To do: Having found the line that contains "Aerial view of", please retype only it and every line after it up to the end of the entries, exactly as written.

====================

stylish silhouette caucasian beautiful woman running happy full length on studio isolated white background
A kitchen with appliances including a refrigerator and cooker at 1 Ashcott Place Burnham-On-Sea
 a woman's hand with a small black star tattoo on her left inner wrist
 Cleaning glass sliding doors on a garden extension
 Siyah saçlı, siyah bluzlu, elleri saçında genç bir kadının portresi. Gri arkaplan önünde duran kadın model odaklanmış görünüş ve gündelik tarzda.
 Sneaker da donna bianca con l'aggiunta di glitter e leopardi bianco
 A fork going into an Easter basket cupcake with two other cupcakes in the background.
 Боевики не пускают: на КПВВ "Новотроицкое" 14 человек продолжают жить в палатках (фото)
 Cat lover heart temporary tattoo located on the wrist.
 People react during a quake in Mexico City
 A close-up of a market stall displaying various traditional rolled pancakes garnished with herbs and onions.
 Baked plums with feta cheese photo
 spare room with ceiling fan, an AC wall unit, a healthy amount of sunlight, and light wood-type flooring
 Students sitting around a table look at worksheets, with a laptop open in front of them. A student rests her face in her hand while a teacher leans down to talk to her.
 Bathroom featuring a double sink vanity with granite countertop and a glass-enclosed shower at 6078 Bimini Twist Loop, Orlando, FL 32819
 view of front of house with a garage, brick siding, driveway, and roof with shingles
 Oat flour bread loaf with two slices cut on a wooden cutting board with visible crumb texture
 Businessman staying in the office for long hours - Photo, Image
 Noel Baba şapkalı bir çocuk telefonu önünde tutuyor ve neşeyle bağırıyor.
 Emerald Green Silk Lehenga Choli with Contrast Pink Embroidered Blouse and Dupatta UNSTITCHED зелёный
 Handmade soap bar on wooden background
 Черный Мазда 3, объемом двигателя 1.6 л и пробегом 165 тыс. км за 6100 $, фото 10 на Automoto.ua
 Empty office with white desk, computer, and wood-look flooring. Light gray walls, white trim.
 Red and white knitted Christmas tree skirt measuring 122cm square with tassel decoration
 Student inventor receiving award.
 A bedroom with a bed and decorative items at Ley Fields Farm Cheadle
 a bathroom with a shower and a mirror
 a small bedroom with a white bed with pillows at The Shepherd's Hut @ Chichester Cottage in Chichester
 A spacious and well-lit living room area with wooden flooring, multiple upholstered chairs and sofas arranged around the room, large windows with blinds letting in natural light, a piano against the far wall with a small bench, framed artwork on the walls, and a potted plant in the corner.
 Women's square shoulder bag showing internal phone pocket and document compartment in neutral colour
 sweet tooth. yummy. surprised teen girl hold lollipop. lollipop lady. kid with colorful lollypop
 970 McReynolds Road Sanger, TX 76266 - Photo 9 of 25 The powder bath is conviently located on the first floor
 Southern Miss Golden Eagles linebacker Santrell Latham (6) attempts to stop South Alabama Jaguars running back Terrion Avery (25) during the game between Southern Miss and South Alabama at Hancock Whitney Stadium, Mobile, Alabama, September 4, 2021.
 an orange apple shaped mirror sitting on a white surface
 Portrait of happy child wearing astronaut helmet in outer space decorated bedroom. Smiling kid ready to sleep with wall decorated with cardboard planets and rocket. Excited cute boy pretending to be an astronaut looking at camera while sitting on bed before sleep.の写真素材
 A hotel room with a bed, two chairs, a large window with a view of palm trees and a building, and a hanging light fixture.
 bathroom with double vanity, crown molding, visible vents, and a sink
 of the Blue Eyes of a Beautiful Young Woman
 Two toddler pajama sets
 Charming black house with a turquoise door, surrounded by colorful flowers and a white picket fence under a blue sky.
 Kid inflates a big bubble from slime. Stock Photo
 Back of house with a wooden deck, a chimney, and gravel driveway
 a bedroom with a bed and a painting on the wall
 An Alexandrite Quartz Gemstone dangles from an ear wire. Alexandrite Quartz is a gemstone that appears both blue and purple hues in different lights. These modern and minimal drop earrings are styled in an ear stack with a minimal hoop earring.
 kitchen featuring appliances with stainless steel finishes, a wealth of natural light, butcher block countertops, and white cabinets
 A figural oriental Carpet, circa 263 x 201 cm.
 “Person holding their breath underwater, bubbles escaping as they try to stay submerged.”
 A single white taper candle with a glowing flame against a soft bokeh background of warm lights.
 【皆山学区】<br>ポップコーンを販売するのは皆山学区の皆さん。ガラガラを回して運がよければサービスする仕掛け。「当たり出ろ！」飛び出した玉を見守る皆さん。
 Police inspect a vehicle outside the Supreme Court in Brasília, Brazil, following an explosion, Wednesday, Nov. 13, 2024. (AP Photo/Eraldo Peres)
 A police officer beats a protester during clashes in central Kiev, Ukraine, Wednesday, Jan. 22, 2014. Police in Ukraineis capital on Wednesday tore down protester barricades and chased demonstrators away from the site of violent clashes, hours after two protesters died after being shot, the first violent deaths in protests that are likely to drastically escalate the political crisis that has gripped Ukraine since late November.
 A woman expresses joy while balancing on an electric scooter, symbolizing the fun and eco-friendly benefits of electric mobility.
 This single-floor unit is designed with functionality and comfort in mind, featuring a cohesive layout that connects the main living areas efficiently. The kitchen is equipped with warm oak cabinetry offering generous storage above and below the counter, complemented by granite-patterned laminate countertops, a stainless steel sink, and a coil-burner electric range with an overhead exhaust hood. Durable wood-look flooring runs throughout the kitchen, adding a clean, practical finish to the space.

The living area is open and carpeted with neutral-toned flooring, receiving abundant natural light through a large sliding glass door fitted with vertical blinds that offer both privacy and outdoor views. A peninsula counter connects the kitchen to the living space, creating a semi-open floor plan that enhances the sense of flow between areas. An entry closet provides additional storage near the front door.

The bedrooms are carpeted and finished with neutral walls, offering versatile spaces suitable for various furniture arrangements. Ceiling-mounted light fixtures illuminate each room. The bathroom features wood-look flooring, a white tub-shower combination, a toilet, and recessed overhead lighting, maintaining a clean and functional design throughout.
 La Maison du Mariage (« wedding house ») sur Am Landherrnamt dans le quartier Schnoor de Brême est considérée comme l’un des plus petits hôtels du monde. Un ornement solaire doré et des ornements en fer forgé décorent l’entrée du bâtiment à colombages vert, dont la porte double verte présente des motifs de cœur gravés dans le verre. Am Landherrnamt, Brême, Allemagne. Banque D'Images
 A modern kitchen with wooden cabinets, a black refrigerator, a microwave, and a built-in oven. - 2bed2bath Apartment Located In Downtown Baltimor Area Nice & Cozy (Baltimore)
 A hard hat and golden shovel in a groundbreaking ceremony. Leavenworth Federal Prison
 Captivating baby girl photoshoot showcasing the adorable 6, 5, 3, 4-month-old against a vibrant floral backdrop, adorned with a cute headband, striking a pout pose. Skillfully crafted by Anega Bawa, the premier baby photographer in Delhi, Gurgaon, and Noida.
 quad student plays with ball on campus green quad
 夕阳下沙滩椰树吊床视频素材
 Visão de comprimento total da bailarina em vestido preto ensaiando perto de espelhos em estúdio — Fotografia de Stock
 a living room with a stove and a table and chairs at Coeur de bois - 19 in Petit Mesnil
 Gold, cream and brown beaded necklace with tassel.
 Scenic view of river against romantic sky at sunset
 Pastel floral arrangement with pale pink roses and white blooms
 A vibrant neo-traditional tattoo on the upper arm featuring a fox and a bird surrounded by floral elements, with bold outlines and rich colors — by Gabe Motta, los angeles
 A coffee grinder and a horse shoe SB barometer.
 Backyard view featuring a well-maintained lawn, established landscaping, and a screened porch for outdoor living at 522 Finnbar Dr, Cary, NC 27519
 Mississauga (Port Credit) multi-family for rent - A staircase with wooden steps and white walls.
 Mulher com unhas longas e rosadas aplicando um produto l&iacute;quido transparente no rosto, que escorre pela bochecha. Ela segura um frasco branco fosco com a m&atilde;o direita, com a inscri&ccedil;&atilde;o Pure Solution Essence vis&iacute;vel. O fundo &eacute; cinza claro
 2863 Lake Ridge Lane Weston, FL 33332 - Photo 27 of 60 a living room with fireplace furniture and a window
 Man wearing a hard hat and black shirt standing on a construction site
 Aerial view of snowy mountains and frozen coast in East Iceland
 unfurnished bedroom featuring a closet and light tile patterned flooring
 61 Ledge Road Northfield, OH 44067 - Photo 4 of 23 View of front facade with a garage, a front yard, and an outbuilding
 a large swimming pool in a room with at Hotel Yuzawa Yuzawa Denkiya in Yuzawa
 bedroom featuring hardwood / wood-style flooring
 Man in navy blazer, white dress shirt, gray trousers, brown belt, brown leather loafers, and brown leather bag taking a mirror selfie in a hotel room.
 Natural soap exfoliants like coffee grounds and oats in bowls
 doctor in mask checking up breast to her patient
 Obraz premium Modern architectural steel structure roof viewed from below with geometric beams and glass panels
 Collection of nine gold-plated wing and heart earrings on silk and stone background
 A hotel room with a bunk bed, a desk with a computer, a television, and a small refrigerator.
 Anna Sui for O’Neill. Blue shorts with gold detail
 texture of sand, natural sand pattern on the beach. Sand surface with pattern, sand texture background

====================

Result:
 Aerial view of snowy mountains and frozen coast in East Iceland
 unfurnished bedroom featuring a closet and light tile patterned flooring
 61 Ledge Road Northfield, OH 44067 - Photo 4 of 23 View of front facade with a garage, a front yard, and an outbuilding
 a large swimming pool in a room with at Hotel Yuzawa Yuzawa Denkiya in Yuzawa
 bedroom featuring hardwood / wood-style flooring
 Man in navy blazer, white dress shirt, gray trousers, brown belt, brown leather loafers, and brown leather bag taking a mirror selfie in a hotel room.
 Natural soap exfoliants like coffee grounds and oats in bowls
 doctor in mask checking up breast to her patient
 Obraz premium Modern architectural steel structure roof viewed from below with geometric beams and glass panels
 Collection of nine gold-plated wing and heart earrings on silk and stone background
 A hotel room with a bunk bed, a desk with a computer, a television, and a small refrigerator.
 Anna Sui for O’Neill. Blue shorts with gold detail
 texture of sand, natural sand pattern on the beach. Sand surface with pattern, sand texture background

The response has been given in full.